Segment Start: DATA IN THIS EXERCISE

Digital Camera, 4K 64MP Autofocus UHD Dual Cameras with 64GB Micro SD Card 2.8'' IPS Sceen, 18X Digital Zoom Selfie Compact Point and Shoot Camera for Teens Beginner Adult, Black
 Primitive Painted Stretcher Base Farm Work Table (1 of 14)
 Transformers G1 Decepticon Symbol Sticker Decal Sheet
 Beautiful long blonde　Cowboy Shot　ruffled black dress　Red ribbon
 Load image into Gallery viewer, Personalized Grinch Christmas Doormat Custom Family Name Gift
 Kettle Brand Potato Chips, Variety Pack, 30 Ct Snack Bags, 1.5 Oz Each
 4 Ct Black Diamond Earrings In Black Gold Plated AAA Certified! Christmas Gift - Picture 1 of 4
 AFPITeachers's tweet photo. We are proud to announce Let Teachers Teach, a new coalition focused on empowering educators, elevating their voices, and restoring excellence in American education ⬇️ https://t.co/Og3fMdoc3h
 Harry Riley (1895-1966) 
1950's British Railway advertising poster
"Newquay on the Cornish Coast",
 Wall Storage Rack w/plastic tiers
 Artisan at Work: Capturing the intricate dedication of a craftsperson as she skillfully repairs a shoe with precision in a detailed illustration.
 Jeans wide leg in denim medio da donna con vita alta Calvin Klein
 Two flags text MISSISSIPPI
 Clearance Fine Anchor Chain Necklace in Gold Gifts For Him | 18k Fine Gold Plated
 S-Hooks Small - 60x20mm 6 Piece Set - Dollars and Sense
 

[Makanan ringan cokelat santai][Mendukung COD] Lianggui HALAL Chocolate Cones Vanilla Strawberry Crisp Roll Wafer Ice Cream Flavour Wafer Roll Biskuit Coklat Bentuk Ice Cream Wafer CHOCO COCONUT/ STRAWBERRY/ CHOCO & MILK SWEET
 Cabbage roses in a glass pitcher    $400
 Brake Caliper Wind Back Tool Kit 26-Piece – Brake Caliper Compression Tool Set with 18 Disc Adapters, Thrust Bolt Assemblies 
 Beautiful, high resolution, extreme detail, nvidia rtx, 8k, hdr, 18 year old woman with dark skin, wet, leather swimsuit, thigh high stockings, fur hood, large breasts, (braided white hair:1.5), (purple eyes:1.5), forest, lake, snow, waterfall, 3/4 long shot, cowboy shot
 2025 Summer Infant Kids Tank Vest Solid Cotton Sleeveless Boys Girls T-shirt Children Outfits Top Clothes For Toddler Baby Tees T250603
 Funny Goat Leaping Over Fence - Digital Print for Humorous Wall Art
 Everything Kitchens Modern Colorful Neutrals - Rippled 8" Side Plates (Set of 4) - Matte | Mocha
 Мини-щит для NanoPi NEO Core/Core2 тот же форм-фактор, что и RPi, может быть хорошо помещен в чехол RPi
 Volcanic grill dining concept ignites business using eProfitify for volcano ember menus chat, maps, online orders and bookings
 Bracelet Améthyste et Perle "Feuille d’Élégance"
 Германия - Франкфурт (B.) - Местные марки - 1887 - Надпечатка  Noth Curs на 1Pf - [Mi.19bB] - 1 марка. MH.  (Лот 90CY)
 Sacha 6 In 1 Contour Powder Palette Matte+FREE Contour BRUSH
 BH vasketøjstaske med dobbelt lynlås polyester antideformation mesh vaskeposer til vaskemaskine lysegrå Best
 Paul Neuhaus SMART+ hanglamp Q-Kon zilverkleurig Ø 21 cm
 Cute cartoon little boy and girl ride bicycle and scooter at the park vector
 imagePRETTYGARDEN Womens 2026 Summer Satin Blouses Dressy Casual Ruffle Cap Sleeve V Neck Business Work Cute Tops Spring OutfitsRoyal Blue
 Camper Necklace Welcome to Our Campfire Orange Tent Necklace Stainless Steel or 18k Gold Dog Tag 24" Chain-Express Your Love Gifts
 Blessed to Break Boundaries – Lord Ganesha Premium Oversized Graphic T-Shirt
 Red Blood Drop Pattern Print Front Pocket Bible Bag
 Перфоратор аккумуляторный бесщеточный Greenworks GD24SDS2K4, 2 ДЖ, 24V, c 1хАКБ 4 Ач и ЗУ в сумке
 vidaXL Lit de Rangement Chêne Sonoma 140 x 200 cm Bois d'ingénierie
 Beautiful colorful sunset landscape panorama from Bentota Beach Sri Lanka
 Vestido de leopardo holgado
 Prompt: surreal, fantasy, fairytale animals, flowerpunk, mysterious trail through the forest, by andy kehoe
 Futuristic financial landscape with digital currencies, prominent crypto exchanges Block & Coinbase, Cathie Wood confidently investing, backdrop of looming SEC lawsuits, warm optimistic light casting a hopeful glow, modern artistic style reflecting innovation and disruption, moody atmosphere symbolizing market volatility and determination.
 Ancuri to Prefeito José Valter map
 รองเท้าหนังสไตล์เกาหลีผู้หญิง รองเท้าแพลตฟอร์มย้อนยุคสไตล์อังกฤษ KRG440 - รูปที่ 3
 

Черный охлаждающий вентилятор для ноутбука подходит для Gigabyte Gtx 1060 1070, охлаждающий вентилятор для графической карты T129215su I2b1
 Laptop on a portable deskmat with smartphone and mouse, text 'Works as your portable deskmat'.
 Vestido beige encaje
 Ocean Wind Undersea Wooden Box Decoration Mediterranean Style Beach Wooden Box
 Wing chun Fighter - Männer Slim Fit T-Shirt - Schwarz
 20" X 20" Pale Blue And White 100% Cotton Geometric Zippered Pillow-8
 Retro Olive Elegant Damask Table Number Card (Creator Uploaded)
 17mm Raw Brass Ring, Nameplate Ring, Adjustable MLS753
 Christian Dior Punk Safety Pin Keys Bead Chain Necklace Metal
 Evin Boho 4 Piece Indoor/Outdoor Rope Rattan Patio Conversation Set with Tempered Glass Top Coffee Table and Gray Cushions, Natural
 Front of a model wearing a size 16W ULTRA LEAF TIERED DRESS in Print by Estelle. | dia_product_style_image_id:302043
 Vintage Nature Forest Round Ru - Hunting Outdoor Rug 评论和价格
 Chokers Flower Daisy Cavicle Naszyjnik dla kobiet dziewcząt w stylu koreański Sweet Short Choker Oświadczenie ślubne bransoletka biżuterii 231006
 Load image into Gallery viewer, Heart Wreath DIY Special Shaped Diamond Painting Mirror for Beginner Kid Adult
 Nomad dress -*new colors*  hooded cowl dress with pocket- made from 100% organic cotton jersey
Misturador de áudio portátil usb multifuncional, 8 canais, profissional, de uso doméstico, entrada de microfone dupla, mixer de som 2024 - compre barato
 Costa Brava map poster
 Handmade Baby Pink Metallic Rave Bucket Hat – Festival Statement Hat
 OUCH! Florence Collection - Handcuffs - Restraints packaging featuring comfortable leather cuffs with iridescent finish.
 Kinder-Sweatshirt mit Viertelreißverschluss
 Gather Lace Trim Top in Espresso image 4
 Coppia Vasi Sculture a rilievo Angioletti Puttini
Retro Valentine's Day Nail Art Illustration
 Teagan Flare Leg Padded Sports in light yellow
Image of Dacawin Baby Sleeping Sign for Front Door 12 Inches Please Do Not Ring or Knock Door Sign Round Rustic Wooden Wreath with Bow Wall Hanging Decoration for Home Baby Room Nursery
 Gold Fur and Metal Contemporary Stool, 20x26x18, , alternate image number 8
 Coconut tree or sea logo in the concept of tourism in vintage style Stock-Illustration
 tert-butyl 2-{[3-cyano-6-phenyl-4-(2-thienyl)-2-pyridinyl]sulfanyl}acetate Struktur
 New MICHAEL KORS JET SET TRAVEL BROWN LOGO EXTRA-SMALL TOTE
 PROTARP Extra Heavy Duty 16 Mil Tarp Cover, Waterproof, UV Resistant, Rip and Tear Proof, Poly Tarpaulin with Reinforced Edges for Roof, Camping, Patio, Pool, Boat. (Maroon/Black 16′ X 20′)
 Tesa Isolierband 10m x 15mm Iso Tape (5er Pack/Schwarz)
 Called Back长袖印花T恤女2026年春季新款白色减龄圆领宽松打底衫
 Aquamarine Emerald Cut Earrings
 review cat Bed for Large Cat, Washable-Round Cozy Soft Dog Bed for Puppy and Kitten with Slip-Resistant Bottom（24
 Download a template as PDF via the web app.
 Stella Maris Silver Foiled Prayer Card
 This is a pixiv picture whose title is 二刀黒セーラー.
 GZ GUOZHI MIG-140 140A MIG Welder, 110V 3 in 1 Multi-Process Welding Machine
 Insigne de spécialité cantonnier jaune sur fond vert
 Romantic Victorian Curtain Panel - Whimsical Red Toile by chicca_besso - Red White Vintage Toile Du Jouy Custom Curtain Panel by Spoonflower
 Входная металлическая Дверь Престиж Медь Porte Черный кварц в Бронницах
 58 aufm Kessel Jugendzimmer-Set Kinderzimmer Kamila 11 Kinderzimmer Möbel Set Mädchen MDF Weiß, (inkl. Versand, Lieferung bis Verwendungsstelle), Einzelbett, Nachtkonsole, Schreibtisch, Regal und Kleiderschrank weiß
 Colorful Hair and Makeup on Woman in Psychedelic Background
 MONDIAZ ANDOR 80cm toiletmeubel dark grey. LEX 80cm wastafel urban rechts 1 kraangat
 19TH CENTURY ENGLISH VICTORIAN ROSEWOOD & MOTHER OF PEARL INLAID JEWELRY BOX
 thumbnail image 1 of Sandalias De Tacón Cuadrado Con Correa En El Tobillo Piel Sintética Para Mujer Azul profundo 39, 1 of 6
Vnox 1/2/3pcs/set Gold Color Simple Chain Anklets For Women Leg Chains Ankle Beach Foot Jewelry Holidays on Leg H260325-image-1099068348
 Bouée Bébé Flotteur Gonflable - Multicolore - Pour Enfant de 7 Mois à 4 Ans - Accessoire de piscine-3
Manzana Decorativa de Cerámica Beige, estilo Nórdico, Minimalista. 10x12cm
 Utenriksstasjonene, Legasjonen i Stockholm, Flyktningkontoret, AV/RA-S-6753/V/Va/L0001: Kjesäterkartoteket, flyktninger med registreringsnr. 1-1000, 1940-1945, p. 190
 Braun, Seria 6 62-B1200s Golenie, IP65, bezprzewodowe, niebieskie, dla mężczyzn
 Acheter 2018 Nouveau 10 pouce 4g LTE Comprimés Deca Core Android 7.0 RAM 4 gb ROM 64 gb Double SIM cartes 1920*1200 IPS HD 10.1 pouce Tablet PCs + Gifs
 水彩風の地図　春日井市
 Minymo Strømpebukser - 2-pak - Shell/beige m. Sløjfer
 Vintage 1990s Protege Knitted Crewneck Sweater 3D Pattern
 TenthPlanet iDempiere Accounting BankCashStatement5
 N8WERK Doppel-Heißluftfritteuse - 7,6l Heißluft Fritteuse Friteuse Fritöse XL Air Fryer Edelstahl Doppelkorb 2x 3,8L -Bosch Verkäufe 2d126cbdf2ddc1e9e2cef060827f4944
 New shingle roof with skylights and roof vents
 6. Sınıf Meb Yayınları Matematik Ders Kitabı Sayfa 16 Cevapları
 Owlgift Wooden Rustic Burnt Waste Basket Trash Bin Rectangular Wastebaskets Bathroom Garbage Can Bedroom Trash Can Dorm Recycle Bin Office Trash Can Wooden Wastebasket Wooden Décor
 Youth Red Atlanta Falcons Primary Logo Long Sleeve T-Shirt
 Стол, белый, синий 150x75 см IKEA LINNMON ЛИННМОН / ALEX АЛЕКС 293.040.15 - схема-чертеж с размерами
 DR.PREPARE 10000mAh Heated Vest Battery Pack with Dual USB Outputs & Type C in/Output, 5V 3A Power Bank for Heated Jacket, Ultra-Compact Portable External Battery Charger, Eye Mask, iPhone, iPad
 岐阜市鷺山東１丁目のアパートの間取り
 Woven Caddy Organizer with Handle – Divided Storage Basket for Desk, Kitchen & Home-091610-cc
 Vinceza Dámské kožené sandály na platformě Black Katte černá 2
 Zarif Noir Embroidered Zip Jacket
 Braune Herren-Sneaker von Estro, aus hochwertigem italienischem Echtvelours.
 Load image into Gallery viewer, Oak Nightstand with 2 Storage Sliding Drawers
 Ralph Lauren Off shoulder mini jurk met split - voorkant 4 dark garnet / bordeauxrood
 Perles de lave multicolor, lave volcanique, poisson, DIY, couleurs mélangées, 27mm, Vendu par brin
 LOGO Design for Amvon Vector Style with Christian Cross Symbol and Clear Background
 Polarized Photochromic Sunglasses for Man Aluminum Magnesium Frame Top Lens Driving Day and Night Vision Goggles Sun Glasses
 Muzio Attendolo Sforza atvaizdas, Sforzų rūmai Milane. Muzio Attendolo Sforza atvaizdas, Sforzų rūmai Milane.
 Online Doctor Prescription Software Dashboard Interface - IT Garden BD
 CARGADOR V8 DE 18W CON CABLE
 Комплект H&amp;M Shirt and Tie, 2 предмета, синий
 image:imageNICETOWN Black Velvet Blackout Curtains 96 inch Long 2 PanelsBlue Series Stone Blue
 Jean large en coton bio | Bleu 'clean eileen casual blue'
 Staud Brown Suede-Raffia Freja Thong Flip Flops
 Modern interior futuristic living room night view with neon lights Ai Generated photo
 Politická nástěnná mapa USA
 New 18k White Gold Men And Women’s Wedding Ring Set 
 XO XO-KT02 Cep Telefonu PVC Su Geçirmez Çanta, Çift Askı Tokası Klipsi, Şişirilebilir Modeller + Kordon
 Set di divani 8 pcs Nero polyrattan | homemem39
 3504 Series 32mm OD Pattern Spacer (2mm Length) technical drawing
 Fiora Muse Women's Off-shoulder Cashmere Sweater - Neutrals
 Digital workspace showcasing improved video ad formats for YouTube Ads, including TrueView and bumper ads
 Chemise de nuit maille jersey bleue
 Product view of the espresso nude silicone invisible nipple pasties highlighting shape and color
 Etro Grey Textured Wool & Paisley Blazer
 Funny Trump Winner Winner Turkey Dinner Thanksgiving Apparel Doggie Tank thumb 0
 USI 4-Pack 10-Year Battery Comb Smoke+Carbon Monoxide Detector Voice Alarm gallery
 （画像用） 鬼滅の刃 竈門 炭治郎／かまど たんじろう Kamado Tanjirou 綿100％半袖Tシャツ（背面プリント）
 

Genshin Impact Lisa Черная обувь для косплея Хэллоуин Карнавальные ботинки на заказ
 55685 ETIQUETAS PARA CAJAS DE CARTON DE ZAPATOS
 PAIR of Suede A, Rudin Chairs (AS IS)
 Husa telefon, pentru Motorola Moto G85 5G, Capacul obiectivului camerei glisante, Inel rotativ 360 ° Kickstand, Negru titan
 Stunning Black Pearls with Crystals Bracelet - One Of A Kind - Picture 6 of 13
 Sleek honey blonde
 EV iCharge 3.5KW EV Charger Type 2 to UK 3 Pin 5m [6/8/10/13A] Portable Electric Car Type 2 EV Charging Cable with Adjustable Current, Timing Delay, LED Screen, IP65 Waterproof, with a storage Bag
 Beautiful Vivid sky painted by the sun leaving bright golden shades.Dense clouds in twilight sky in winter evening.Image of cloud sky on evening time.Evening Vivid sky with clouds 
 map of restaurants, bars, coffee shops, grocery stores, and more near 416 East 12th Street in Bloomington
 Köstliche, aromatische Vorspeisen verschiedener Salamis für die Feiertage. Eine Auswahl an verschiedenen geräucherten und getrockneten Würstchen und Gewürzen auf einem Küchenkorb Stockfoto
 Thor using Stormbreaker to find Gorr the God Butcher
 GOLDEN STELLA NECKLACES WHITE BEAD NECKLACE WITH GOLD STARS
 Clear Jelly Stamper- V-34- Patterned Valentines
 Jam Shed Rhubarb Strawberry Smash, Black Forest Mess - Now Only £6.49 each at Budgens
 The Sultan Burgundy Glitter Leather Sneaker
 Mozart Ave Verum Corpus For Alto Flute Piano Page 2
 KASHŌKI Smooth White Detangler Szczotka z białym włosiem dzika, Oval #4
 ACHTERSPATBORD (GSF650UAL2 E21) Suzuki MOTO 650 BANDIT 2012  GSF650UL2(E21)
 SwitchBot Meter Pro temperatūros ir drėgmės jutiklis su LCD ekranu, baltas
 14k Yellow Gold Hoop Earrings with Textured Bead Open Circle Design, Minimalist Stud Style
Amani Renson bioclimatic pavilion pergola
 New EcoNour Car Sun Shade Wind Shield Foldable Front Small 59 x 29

Segment End: DATA IN THIS EXERCISE

> _WHAT YOU NEED TO DO_
The answer must hold exactly the lines of the entries above, from the first line through the line that contains "Kettle Brand Potato", and no others.

> _RESPONSE AREA_
Digital Camera, 4K 64MP Autofocus UHD Dual Cameras with 64GB Micro SD Card 2.8'' IPS Sceen, 18X Digital Zoom Selfie Compact Point and Shoot Camera for Teens Beginner Adult, Black
 Primitive Painted Stretcher Base Farm Work Table (1 of 14)
 Transformers G1 Decepticon Symbol Sticker Decal Sheet
 Beautiful long blonde　Cowboy Shot　ruffled black dress　Red ribbon
 Load image into Gallery viewer, Personalized Grinch Christmas Doormat Custom Family Name Gift
 Kettle Brand Potato Chips, Variety Pack, 30 Ct Snack Bags, 1.5 Oz Each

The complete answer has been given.